_TASK INSTRUCTIONS_. Give back the listing in full and exactly, leaving out the images.

********************

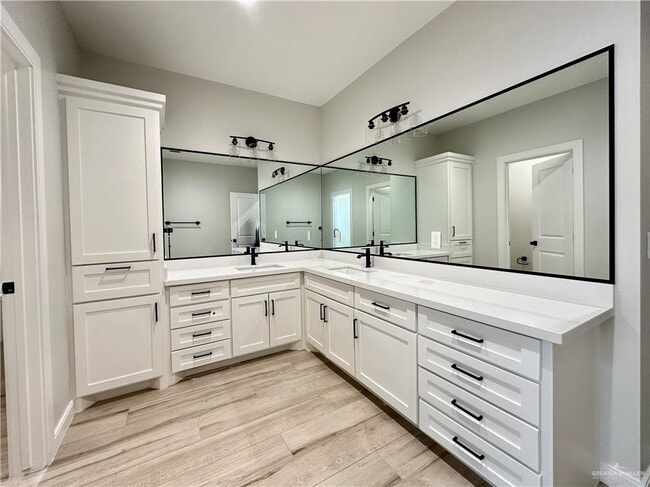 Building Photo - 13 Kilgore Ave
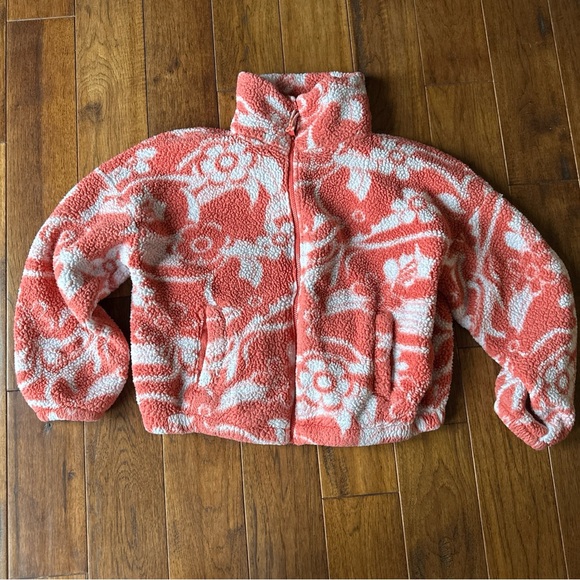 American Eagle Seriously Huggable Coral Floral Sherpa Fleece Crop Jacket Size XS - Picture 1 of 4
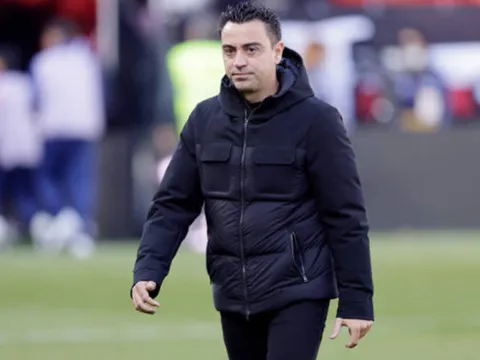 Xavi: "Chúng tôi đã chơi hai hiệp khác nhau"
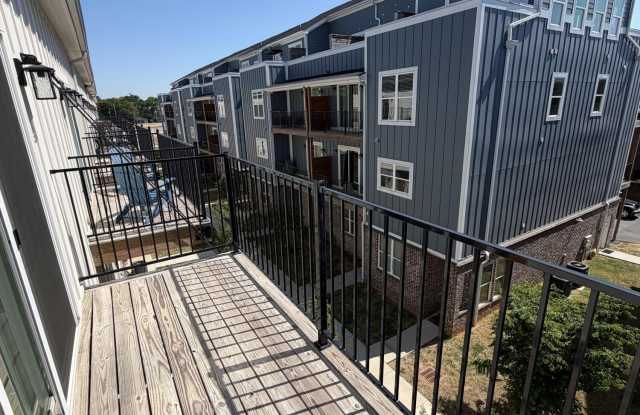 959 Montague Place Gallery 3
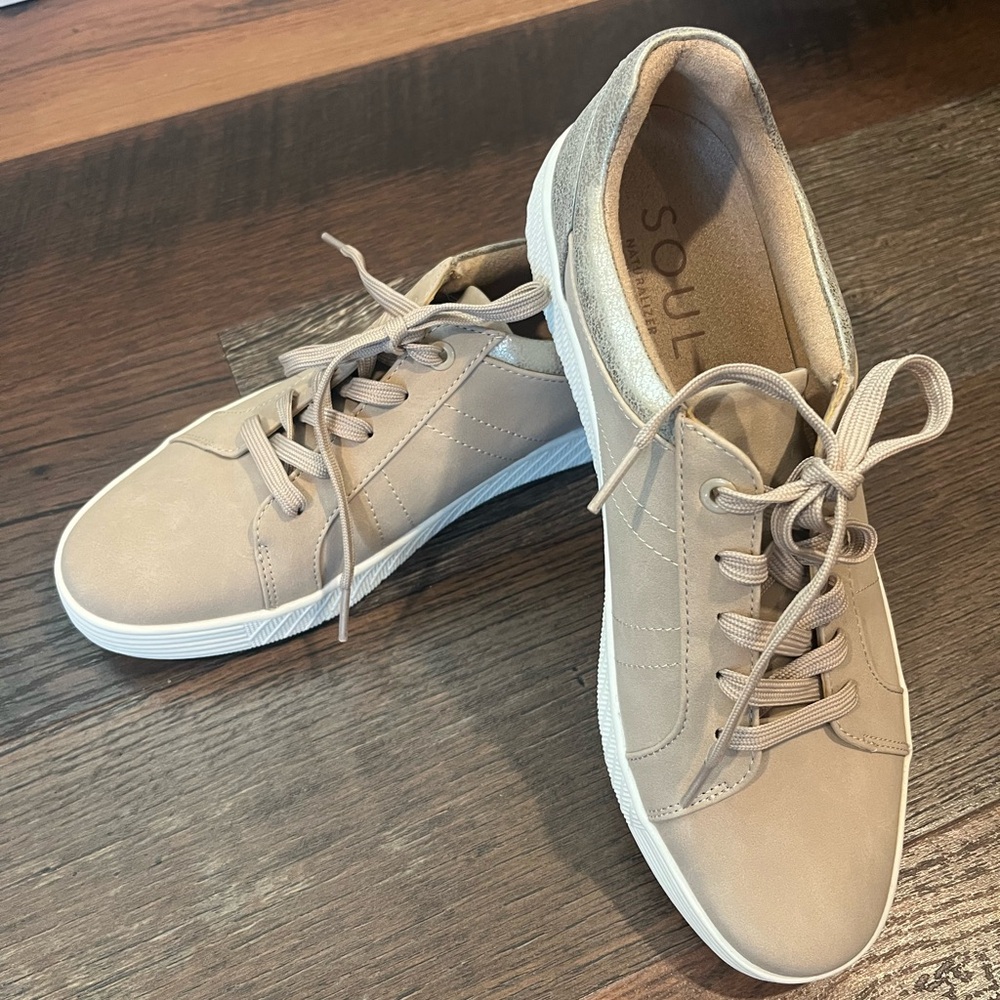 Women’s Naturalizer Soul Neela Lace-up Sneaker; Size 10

********************

_THE COMPLETED TASK_.
 Building Photo - 13 Kilgore Ave
 American Eagle Seriously Huggable Coral Floral Sherpa Fleece Crop Jacket Size XS - Picture 1 of 4
 Xavi: "Chúng tôi đã chơi hai hiệp khác nhau"
 959 Montague Place Gallery 3
 Women’s Naturalizer Soul Neela Lace-up Sneaker; Size 10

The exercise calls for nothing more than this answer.